Sweden is often described as a universalistic welfare state and as an exemplar of the social democratic regime in Esping-Andersen's (1990) typology of welfare states. At the time of our study, Sweden offered a generous public pension system (first pillar), but occupational pension systems (second pillar) linked to collective agreements covering the majority of the population were also important (Palme 2005). Thus, the Swedish pension system could broadly be described as Bismarckian. An overview of the Swedish pension systems for our cohorts is provided in the online appendix.

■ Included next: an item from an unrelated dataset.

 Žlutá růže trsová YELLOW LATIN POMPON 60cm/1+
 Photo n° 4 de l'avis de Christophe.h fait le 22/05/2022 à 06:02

The statutory retirement age was 65 for our cohorts, although individuals could (and commonly did) access many of their retirement benefits beginning at age 60 (Hagen 2013). Our pension variable covers a wide selection of first- and second-pillar pensions (Whitehouse 2006), including other pensions targeted at individuals with special needs (e.g., survivor's pension). However, the variable does not cover sickness and disability pension schemes targeted at ages before the statutory retirement age. For the cohorts analyzed, individuals could save in private annuities (i.e., “pension insurance”) with different tax rates, depending on the saver's circumstances. Private pensions (paid out as a normal pension) are included in our pension variable, but they are rare.
Data and Methods
Our analyses draw on two data sets—tax and death registers—linked with a unique personal ID number. The initial sample includes 209,491 individuals born in 1920 (55.6%) or 1925 (44.4%). The use of two cohorts helps test the robustness of the results. No important institutional change occurred between the two cohorts, so differences in results would reflect cohort differences in mortality schedules and earnings inequality, with the latter partly explained by cohort differences in labor force participation, particularly for women. (See Tables A1 and A2; these and all tables and figures designated with an “A” are available in the online appendix.) We exclude 1,628 individuals who had international migration records after age 50; 17,050 individuals who died before age 60; and 5,027 individuals with missing values for key variables (mainly education). Hence, the analytic sample contains 103,712 individuals born in 1920 and 82,074 individuals born in 1925.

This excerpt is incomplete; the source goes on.